BAB 12
PENYELESAIAN SENGKETA
12.1 Pendahuluan
Pengertian Sengketa menurut Jhon
Collier adalah perselisihan khusus mengenai fakta, hukum atau kebijakan di mana
klaim atau pernyataan dari salah satu pihak bertemu dengan penolakan, gugatan
balik atau penolakan oleh orang lain.
Menurut Merrils, Pengertian
Sengketa ialah ketidaksepahaman mengenai sesuatu.
Pengertian Sengketa Internasional
adalah sengketa yang bukan secara eksklusif merupakan urusan dalam negeri suatu
negara. Dalam hal ini sengketa internasional tidak hanya eksklusif menyangkut
hubungan antarnegara saja mengingat subjek-subjek hukum internasional saat ini
sudah mengalami perluasaan sedemikian rupa melibatkan banyak aktor non negara.

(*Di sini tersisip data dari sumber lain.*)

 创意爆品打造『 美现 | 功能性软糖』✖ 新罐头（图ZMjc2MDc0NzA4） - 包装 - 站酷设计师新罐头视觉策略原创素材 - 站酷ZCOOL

Sengketa dimulai ketika satu
pihak merasa dirugikan oleh pihak lain. Ketika pihak yang merasa dirugikan
menyampaikan ketidakpuasannya kepada pihak kedua dan pihak kedua tsb
menunjukkan perbedaan pendapat maka terjadilah perselisihan atau sengketa.
Sedangkan, Permasalahan yang
disengketakan dalam suatu sengketa internasioanl dapat menyangkut banyak hal.
Sengketa di European Union menyangkut kebutuhan integritas politik yang lebih
kuat adalah sengketa menyangkut kebijakan. Sengketa perbatasan wilayah adalah
sengketa tentang legal right. Disisi lain sengketa juga dapat menyangkut fakta.
Di mana posisi kapal Negara A ketika diintersepsi oleh negara B merupakan salah
satu contoh sengketa mengenai fakta.
12.2 Cara-Cara Penyelesaian Sengketa
Alternative dispute resolution
(ADR) atau alternatif penyelesaian sengketa (APS) merupakan upaya penyelesaian
sengketa di luar litigasi (non-litigasi). Dalam ADR/APS terdapat beberapa
bentuk penyelesaian sengketa. Bentuk-bentuk ADR/APS menurut Suyud Margono
(2000:28-31) adalah:
(1) konsultasi; (2) negosiasi;
(3) mediasi; (4) konsiliasi; (5) arbitrase; (6) good offices; (7) mini trial;
(8) summary jury trial; (9) rent a judge; dan (10) med arb .
Adapun Jacqueline M. Nolan-Haley
dalam bukunya yang berjudul “Alternative Dispute Resolution in A Nutshell,
menjelaskan bahwa ADR “is an umbrella term which refers generally to
alternatives to court adjudication of dispute such as negotiation, mediation,
arbitration, mini trial and summary jury trial”.
Bentuk ADR/APS dalam
Undang-Undang No.30 Tahun 1999 tentang Arbitrase dan Alternatif Penyelesaian
Sengketa adalah konsultasi, negosiasi, mediasi, konsiliasi atau penilaian ahli.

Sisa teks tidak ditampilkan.